There are two main types of discovery in Family Law cases: Interrogatories and Requests for Production of Documents. These requests must be made formally and sent to the other side or his/her lawyer. Once received, the Maryland Rules state that you have thirty (30) days to answer. There is a prescribed format for answering these discovery requests and you may find that you will need an attorney to help you ask for discovery and to respond to the other side’s discovery requests of you. Please note that you are required to respond to these requests and failure to do so may result in various sanctions against you.
Not everything is “discoverable.” You do not have to answer questions that seek irrelevant or objectionable information. Also, privileged attorney-client communications or attorney work product is not a proper subject for discovery. You are wise to discuss what information is not discoverable with an attorney so that you do not risk sanctions for failure to comply. At the Mulinazzi Law Office, we understand that the amount of information that will be requested of you is intimidating. When we get discovery requests, our attorneys will work with you to determine what must be answered and what can be reasonably excluded.

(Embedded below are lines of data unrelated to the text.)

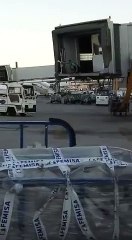 Cet homme est prêt à tout pour rattraper son vol. Il se lance à la poursuite de son avion qui est sur le point de prendr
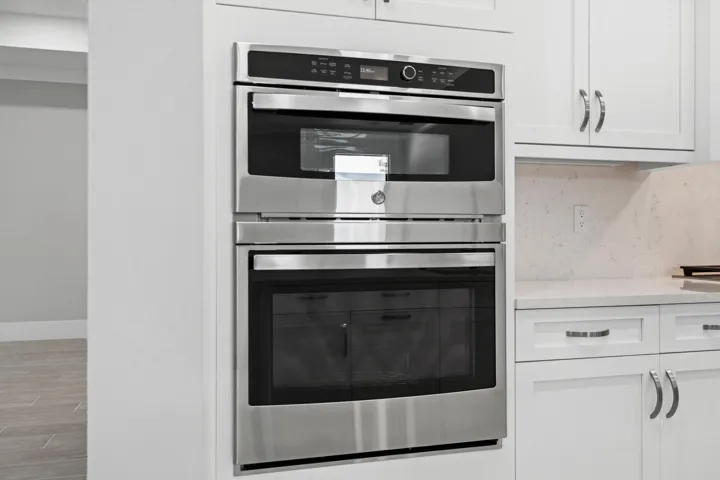 Kitchen Wall Oven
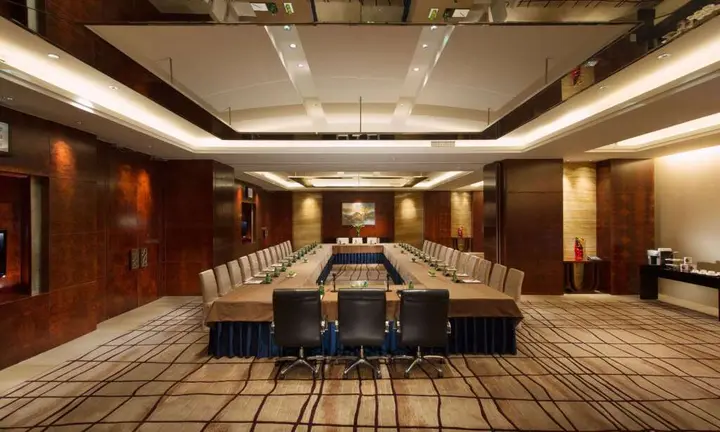 Голмуд: DoubleTree by Hilton Hotel Qinghai - Golmud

There are other less used discovery methods. For example, depositions, subpoenae, examinations, and Requests for Admissions. A deposition is question/answer styled inquiry in a room with attorneys and a court reporter taking down every word that is said. The attorneys at the Mulinazzi Law Office prepare clients on how to listen to the questions and answer only the question that is asked. Depositions are adversarial and it’s not a time to let your guard down. Requests for Admissions of Facts is a document that asks the other side to admit any material fact or the authenticity of a document that is to be presented as evidence during the trial. This procedure facilitates the fair and efficient administration of justice by minimizing the time and expense incurred in proving issues that are not in dispute. A mental or physical examination of a party may be authorized by a court in the exercise of its discretion if a party’s condition is an issue in litigation, for example if an alleged alcoholic parent or mentally ill parent is trying to gain custody. Finally, either side can issue a subpoena to the other party or a third party requiring the production of specific documentation to be used as evidence at trial. All discovery is governed by the Maryland Rules and the attorneys at Mulinazzi Law Office are highly skilled at using discovery to compel and gather the information you need to prove your case.
If an opposing litigant won’t answer or produce information, the court may order them to do so. If they don’t, they may be found in contempt and the Court may bar them from participating in the trial and/or pay for your attorney’s fees associated with the discovery.